フィリピン 2016
監督、脚本 ラヴ・ディアス
無実の罪で30年間投獄されていた女の求償を描いた作品。
文豪トルストイの短編「神は真実を見給ふ、されど待ち給ふ」から着想を得た作品らしいんですが、私はトルストイの本なんて触ったこともないのでなにをどう換骨奪胎したのやら想像すらつきません。
そんなことよりも強烈だったのは上映時間で、なんと3時間48分。
ディスクをトレイに載せてからそれに気づいた私ははっきりいって凍った。
いやいや約4時間って。
短い映画なら3本見れちゃうよ?と。
それをぶっ続けで鑑賞なさい、ってか。
もはや体力勝負である。
最後まで寝落ちせずに起きていられる自信なんざ欠片もない。
というか目がもつのか、と。
エンドロールまで。
2時間程度の映画ですら結構疲れますよ?目?
4時間って・・・。
もはやケンカ売ってんのか、と言いたくなるレベルである。
しかしながら借りちゃった以上はもう見るしかないわけで。
腹くくりましたとも、ええ。
そしたらあなた、全編モノクロでやんの。
しかも鬼のように長回しを多用する、ときた。
さらにはなぜかロングショットでの撮影がほとんどで、主要人物ですらめったにアップがない有様。
その上、話が一向に進まない。
セリフが無いまま同じ構図で延々人物の動きを追って軽く10分経過、とかザラ。
旧ソビエトのアンドレイ・タルコフスキー監督ですらここまでの暴挙はやらかさなかったのでは、と思いましたね。
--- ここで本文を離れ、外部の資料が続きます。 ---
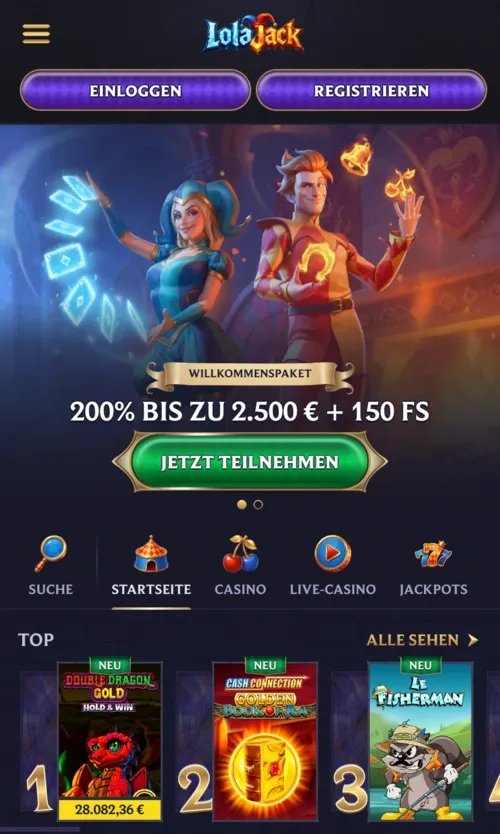 Overview of lolajack casino Overview of lolajack casino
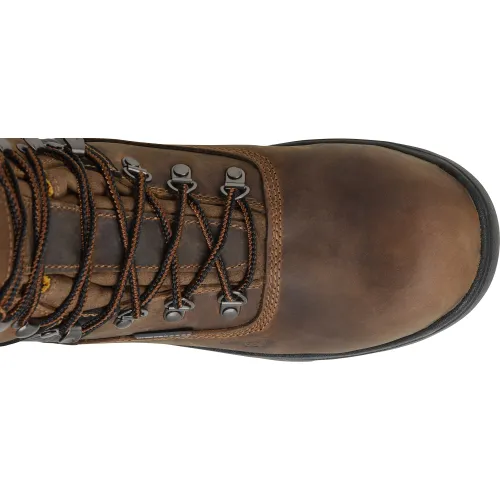 Carolina Men's 8" Cathode Waterproof Comp Toe Work Boot - Brown - CA5589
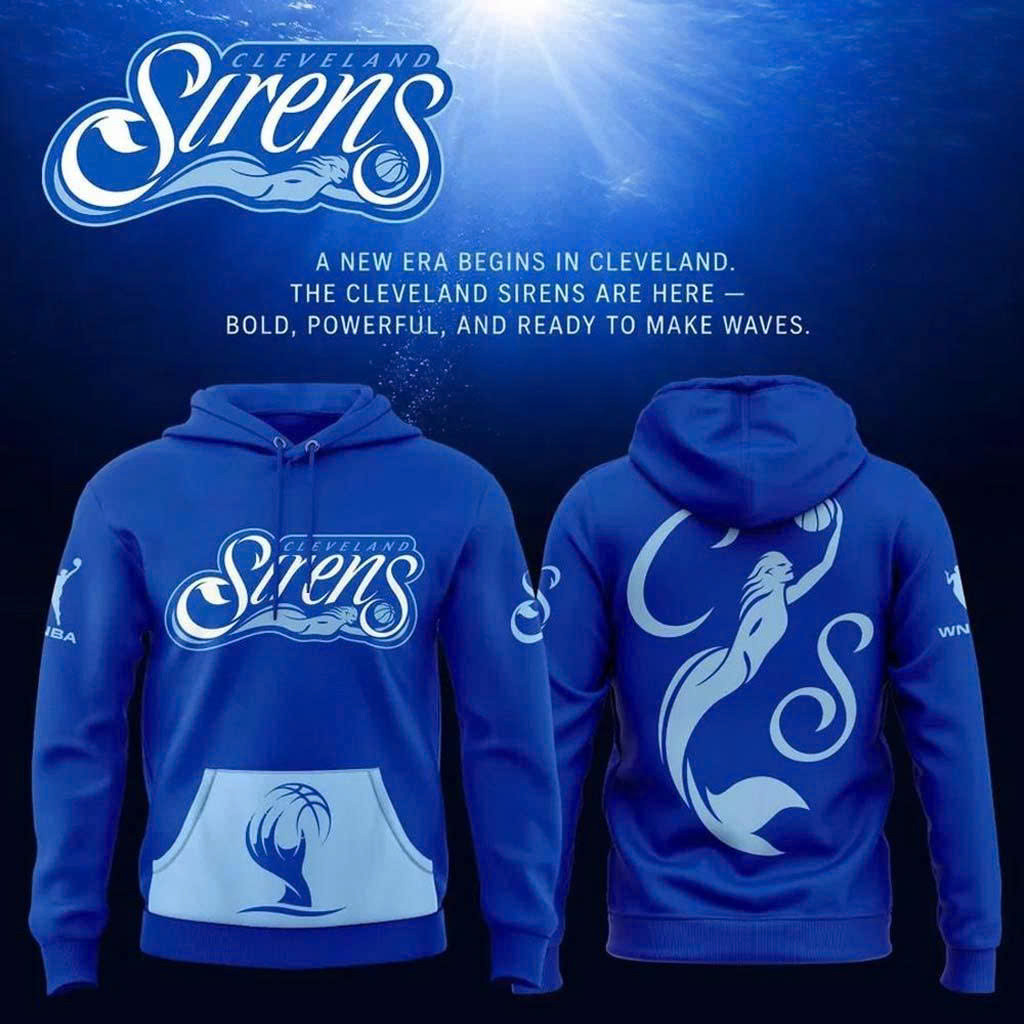 Cleveland Sirens Merch 2026 Hear The Call WNBA Hoodie Best Gifts For Basketball Fans - Kdjoy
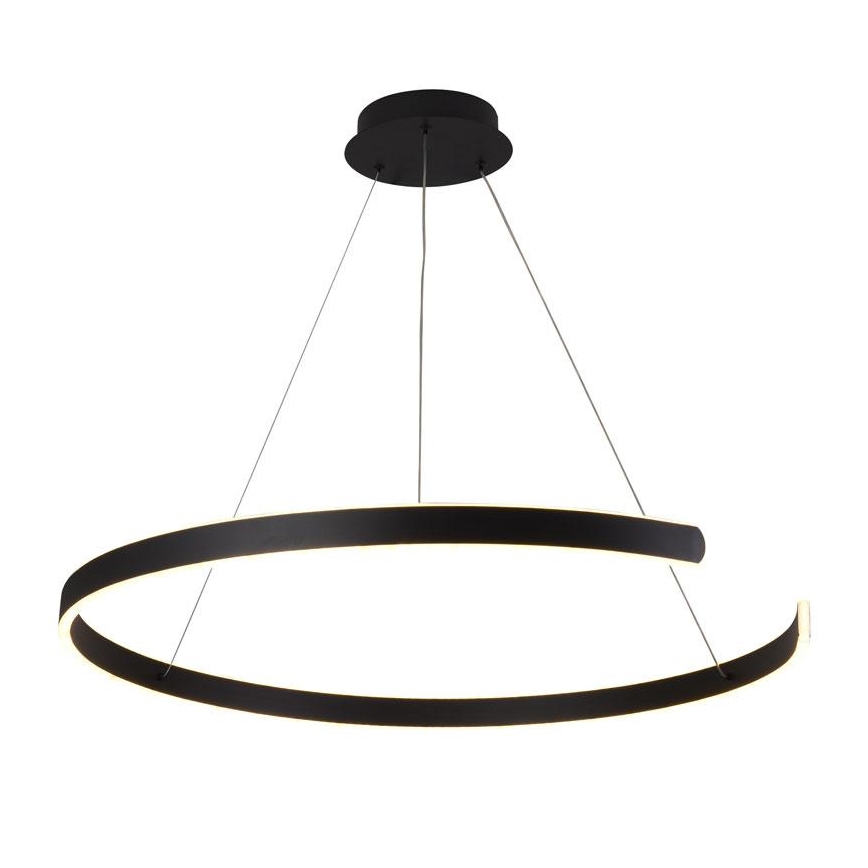 Candelabro suspenso LED com regulação LED/100W/230V 3000-6500K + controlo remoto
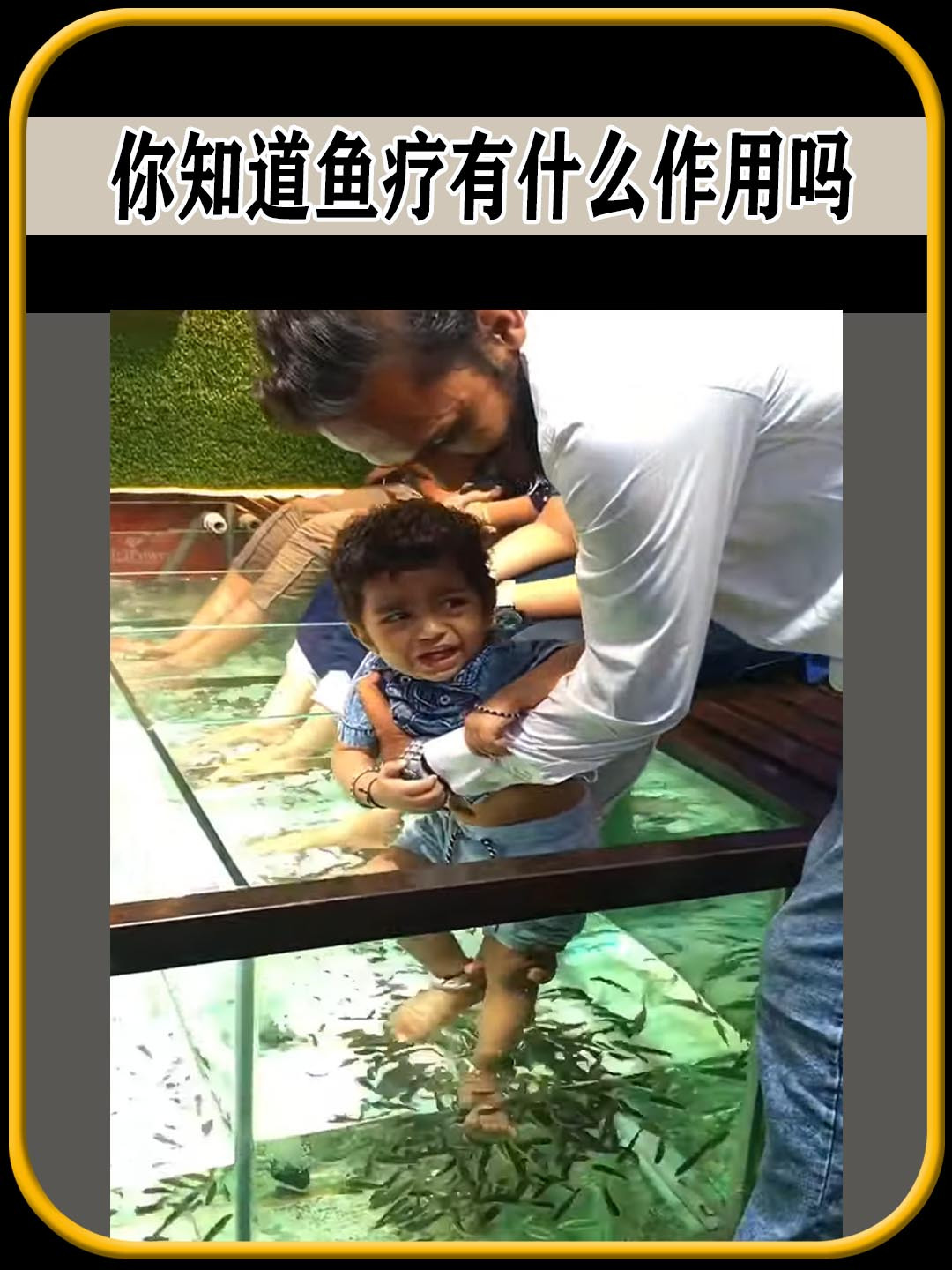你知道鱼疗有什么作用吗?值得一看
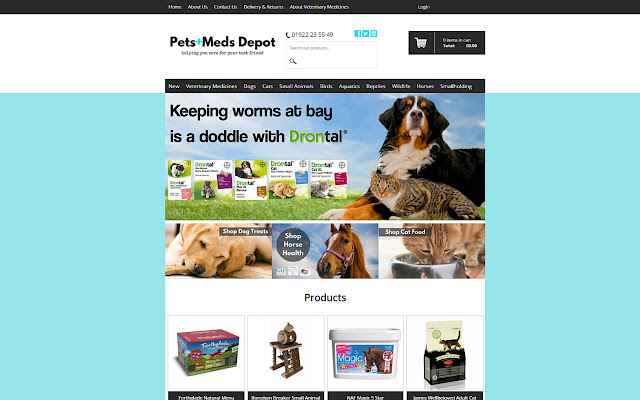 PETS  MEDS DEPOT  from Chrome web store to be run with OffiDocs Chromium online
いや、ロングショットで長回し、という手法がね、妙に見る側の集中力を喚起するってのは意外にもあったんですよ。
それは否定しません。
誰が何をしてるの?とつい目を凝らしちゃうんですよね。
場面が切り替わると、ぱっと見、特定できないから。
それが登場人物の誰であるのか。
劇場ならスクリーンが大きいからまた違うのかもしれませんけどね。
けどね、環境がどうであれ、それもせいぜい2時間が限界だと私は思うんですよ。
人間って、そんなに長く緊張を維持できるような仕組みになってないと思いますし、人体生理学的に。
2時間超えたあたりで湧き上がってくる感情は「もういいから許してくれ」または「なんでもいいから早く終わってくれ」。
内容うんぬんどころの話じゃないです。
面白いな、興味深いな、と感じる以前に苦行。
見続けること自体が苦行。
それでも気力を振り絞り、冬山登山にも似た心境で歯を食いしばってなんとか最後まで見て、その直後に抱いた感想を率直に述べるなら、4時間必要ない、以上、でしたね。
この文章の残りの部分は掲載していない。